The other is a story of the band’s turbulent relationship with label Victory Records, a dramatic and tortuous saga full of deceit, snark, and soap opera-level villainy that came to a head in 2013 with the label’s refusal to fulfill pre-orders sold by the band of their then-new album, The Hands That Thieve.
This was after Kolnaky announced he intended to self-release (under his Toh Kay solo moniker) an acoustic version of the album. It should all make for one hell of a book someday.
That dispute took an even uglier turn this past week, when the notoriously litigious label filed suit against the band for upwards of a million dollars
— according to the band, as much as five million
. Because really, what itinerant professional trombone player in 2015 doesn’t have millions squirreled away? Victory alleges that, contrary to the band’s assertions, Streetlight Manifesto have failed to complete their four-album contract with the label. (As far as Victory is concerned, two of the band’s five full-lengths didn’t “count.”)

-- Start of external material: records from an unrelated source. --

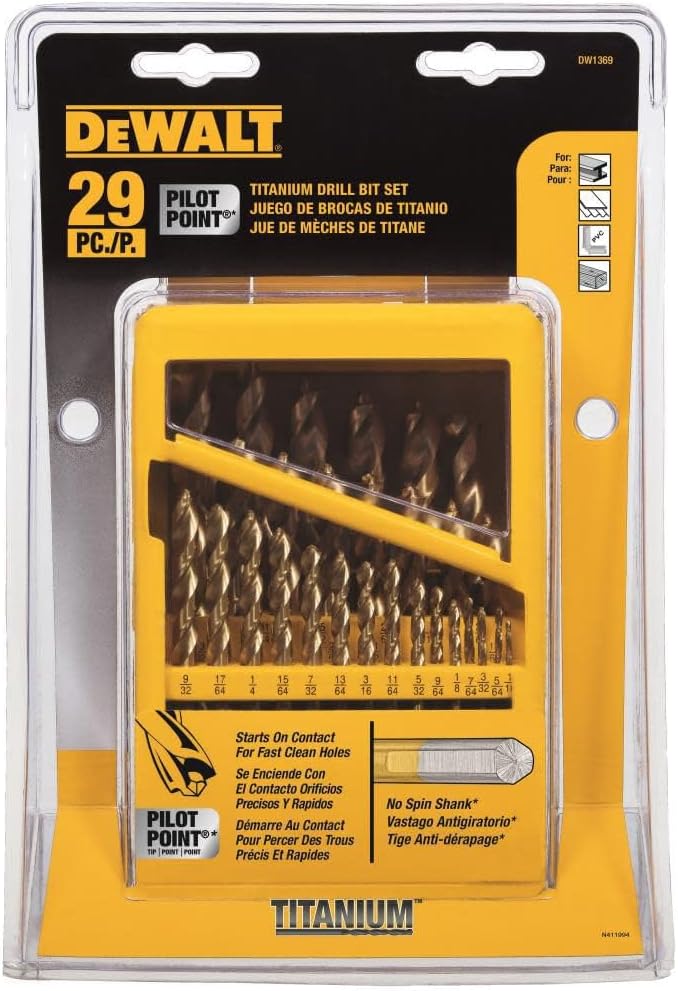 JUEGO DE BROCAS RECUBIERTAS DE TITANIO PUNTA PILORO 29 PZAS DEWALT DW1369 DEWALT DW1369 - Mersol Sureste México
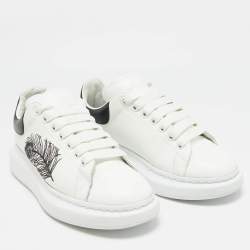 Pre Owned Alexander McQueen White/Black Leather Embroidered Larry Sneakers Size 41
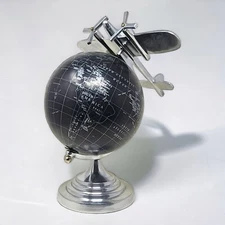 Pier 1 Imports World Globe Black & Silver Metal Plane 14" Tall Tabletop Desktop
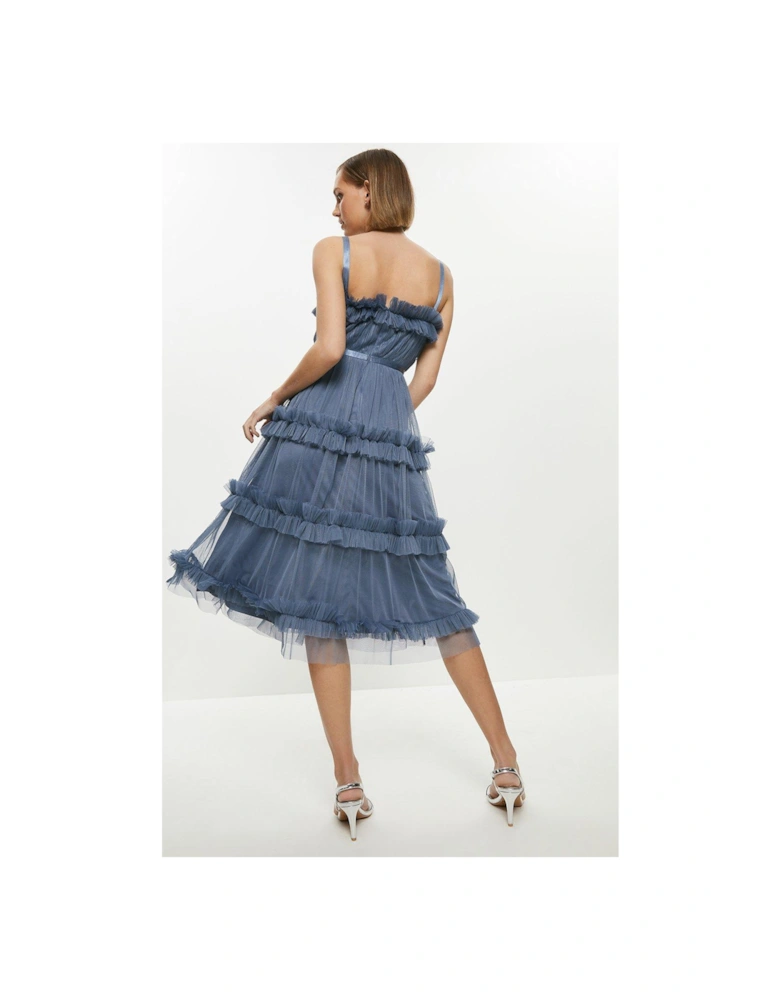 Petite Tiered Ruffle Skirt Midi Dress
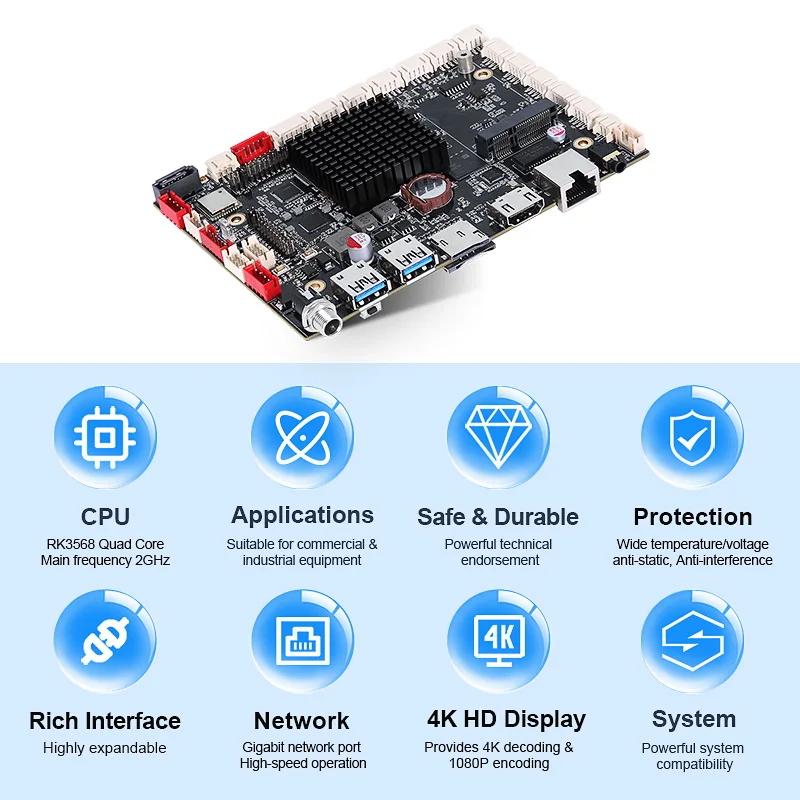 Hot Sale Cheap quad-core RK3568 android mainboard Mini SATA3.0 SSD HDD 4K Display Mini ITX Industrial Motherboard For POS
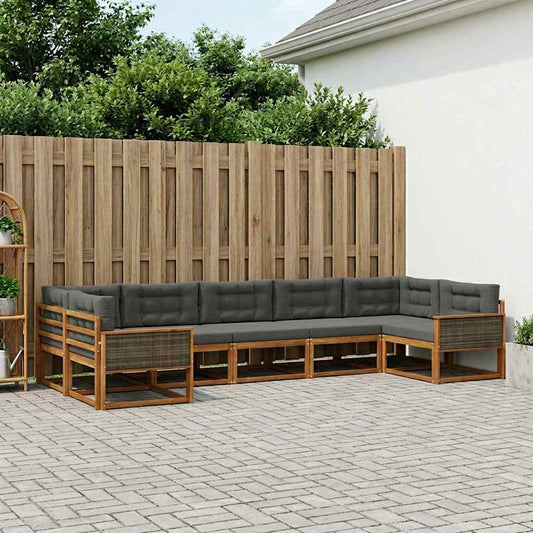 Set di divani da esterno con cuscino 7 pcs Naturale e Antracite | homemem39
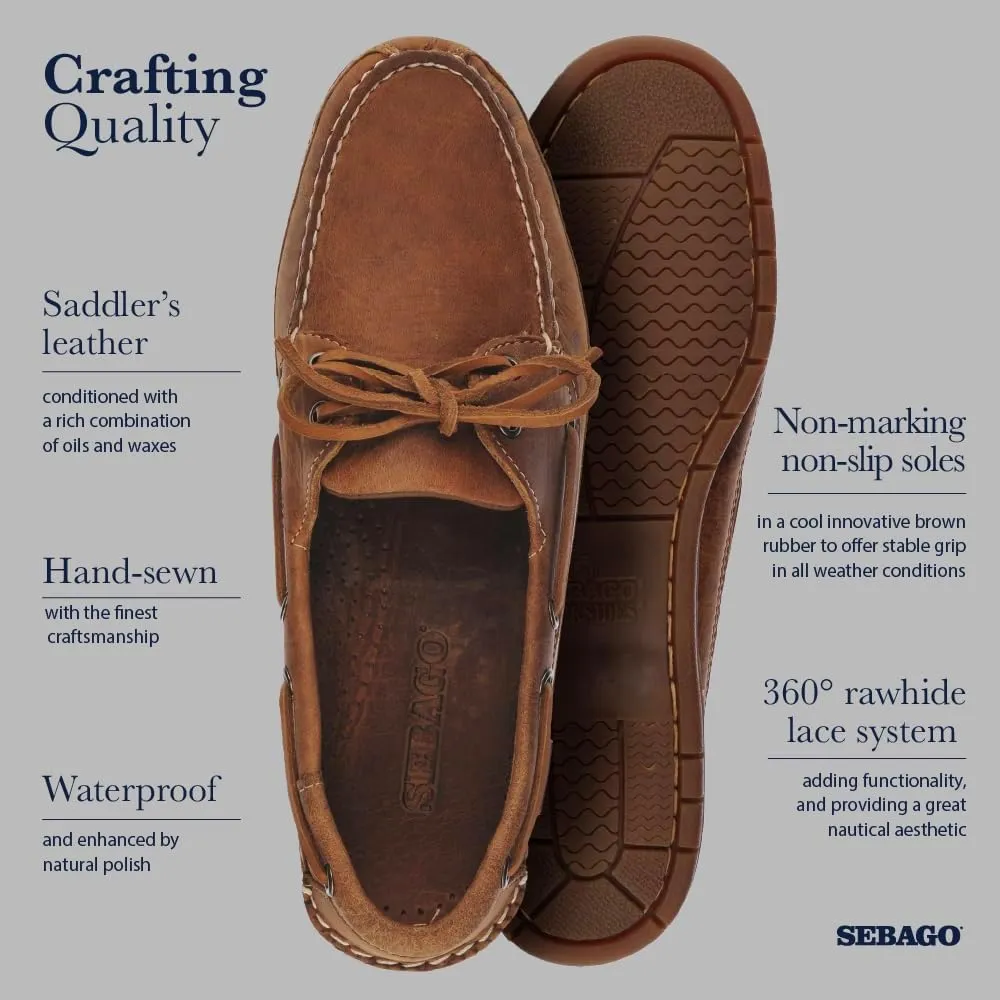 Sebago Schooner Saddler's Leather Boat Shoes - Waterproof Moccasins for Men Featuring Leather Sock Lining, and Non-Marking, Slip-Resistant Outsoles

Not that things are all peaches and cream on Victory’s end, either. The label made a separate set of headlines last week when a royalty dispute with Spotify resulted in their entire catalog being removed from the streaming service — including all of Streetlight Manifesto’s albums. For Streetlight’s part, the band aren’t bothered in the least; it’s hard to get upset over nonpayment of royalties to their label when, as they alleged on Twitter
, the label hasn’t paid them “a cent in royalties” in more than two years, anyway.
All of which means that, right now, the best way to support the beleaguered band — and to hear their excellent back catalog — is to catch them live. How often do you get a chance to give the finger to “the man” while simultaneously skanking the night away with a smile? Streetlight Manifesto have significantly cut back on their touring in recent years (you try spending eight months of your year living in a van at age 35), but they’re out on a rare two-week run right now that lands at Ft. Lauderdale’s Culture Room Tuesday night. They come with Dan Potthast — late of ska mainstays (and onetime Streetlight tourmates) MU330 — and folk-joke weirdo Sycamore Smith in tow.
Streetlight Manifesto, with Dan Potthast and Sycamore Smith. 7:30 p.m. Tuesday, October 27 at Culture Room, 3045 N. Federal Highway, Ft. Lauderdale; 954-564-1074; cultureroom.net. Tickets cost $19.50 plus fees via ticketmaster.com.